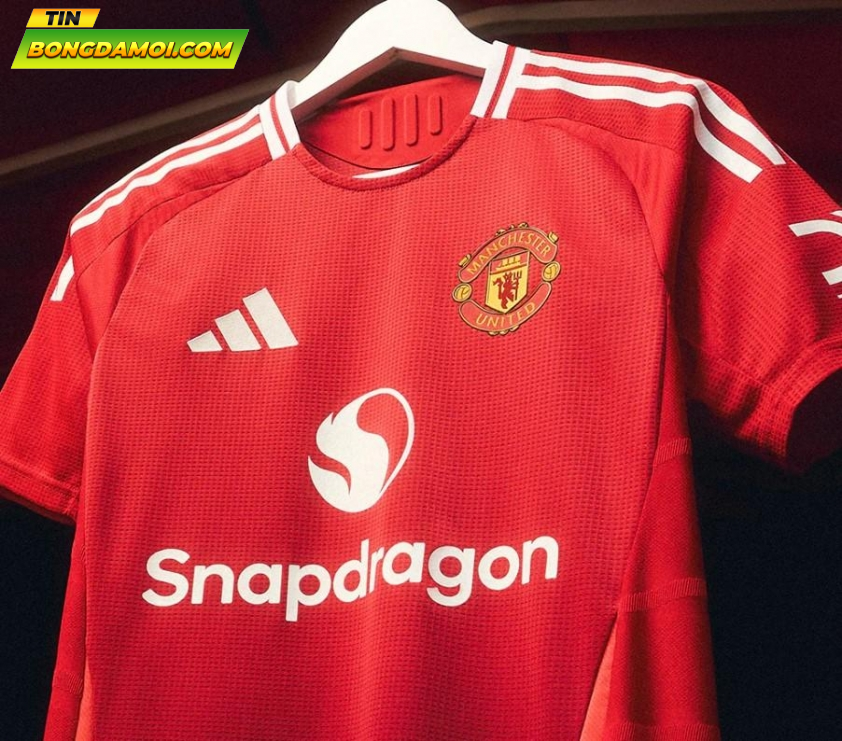 Manchester United ủng hộ tổ chức từ thiện (RED)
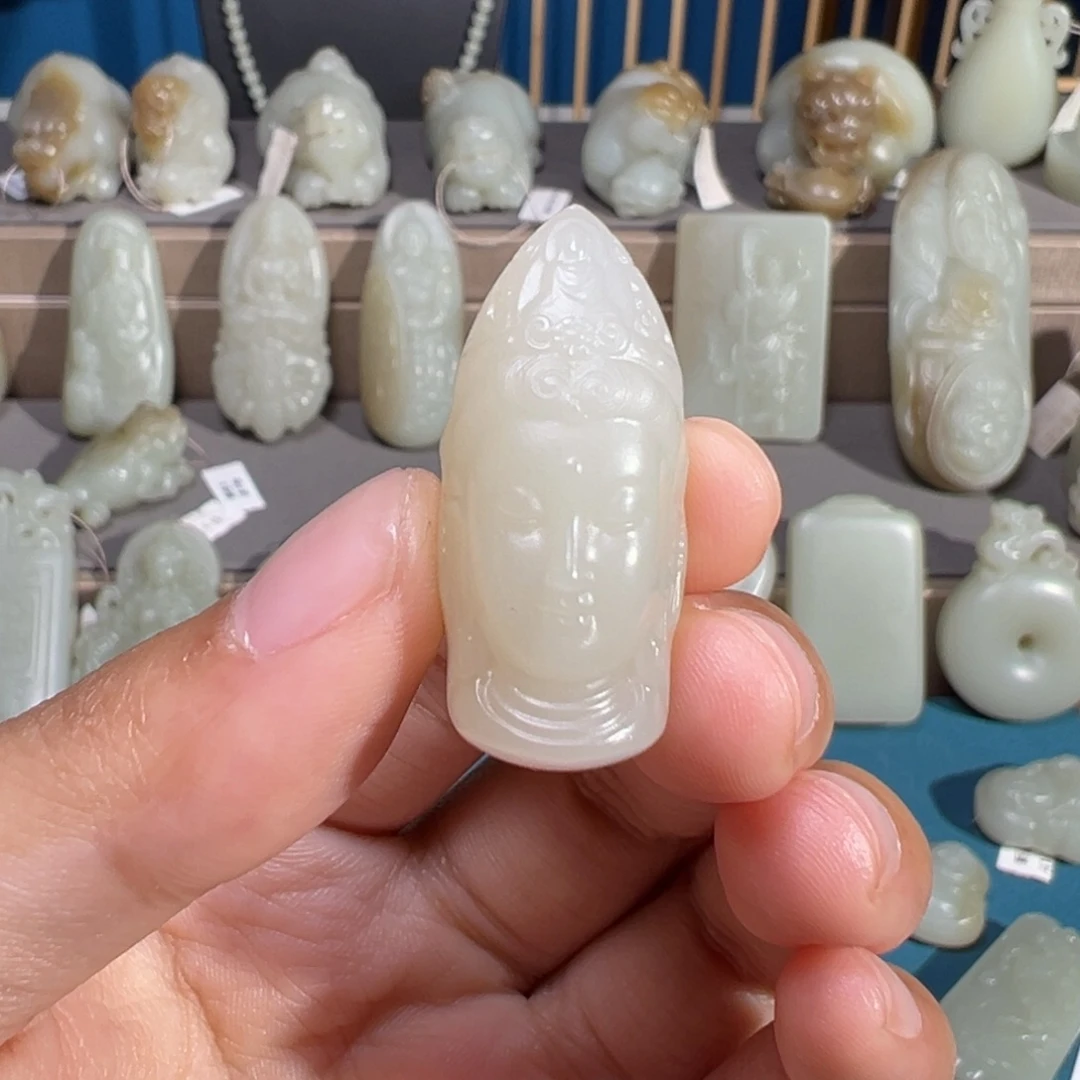 蓝***星和田玉（糖玉）未镶嵌颈饰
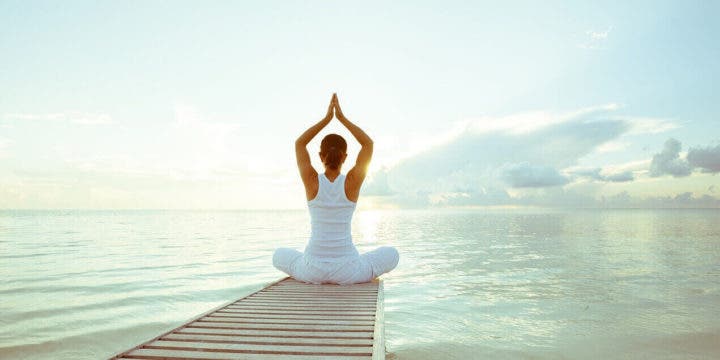 El yoga er una aktividad que permitirá descansar la mente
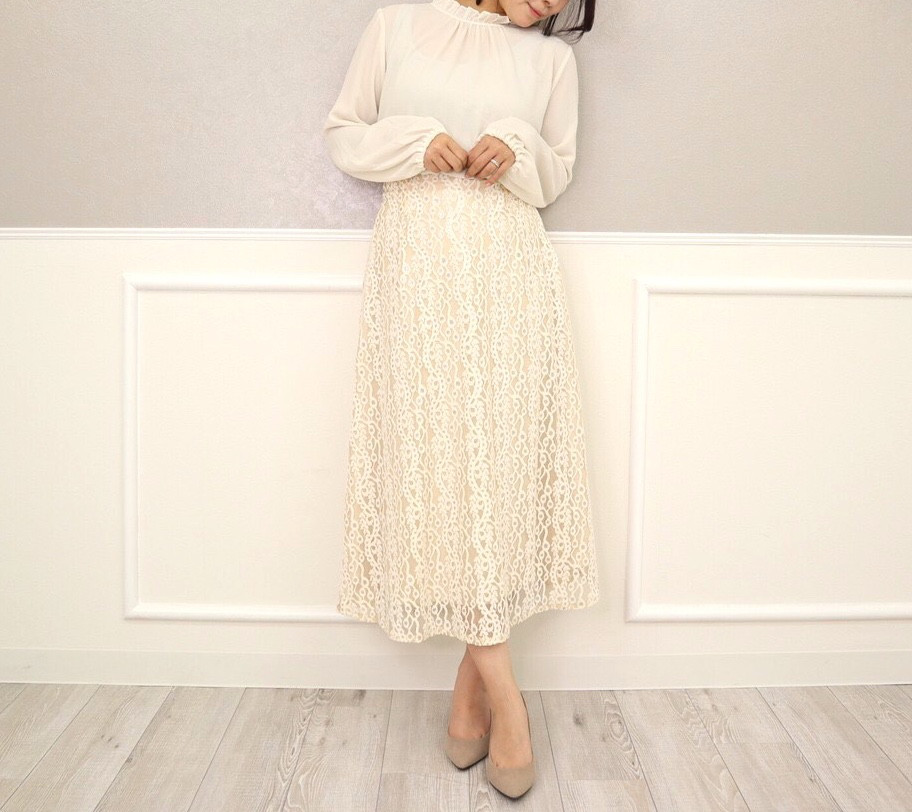 ♡再販売♡モールニットレース偏光ラメ入りスカート（アイボリー） 4,400円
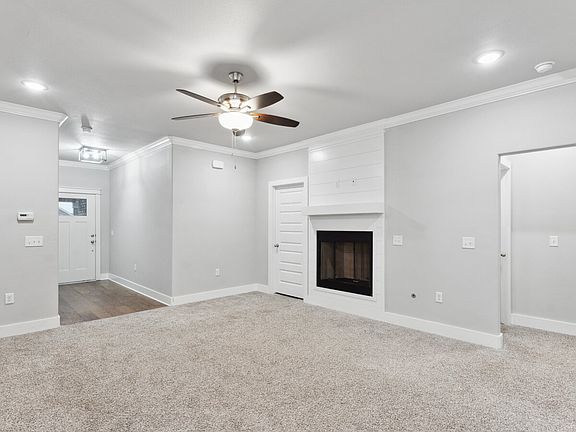 4th image of 1902 E Endura Park Dr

▶ [Task goal]
An exact copy of the listing above is to be set down, with no pictures in it.

▶ [Expected answer]
 Manchester United ủng hộ tổ chức từ thiện (RED)
 蓝***星和田玉（糖玉）未镶嵌颈饰
 El yoga er una aktividad que permitirá descansar la mente
 ♡再販売♡モールニットレース偏光ラメ入りスカート（アイボリー） 4,400円
 4th image of 1902 E Endura Park Dr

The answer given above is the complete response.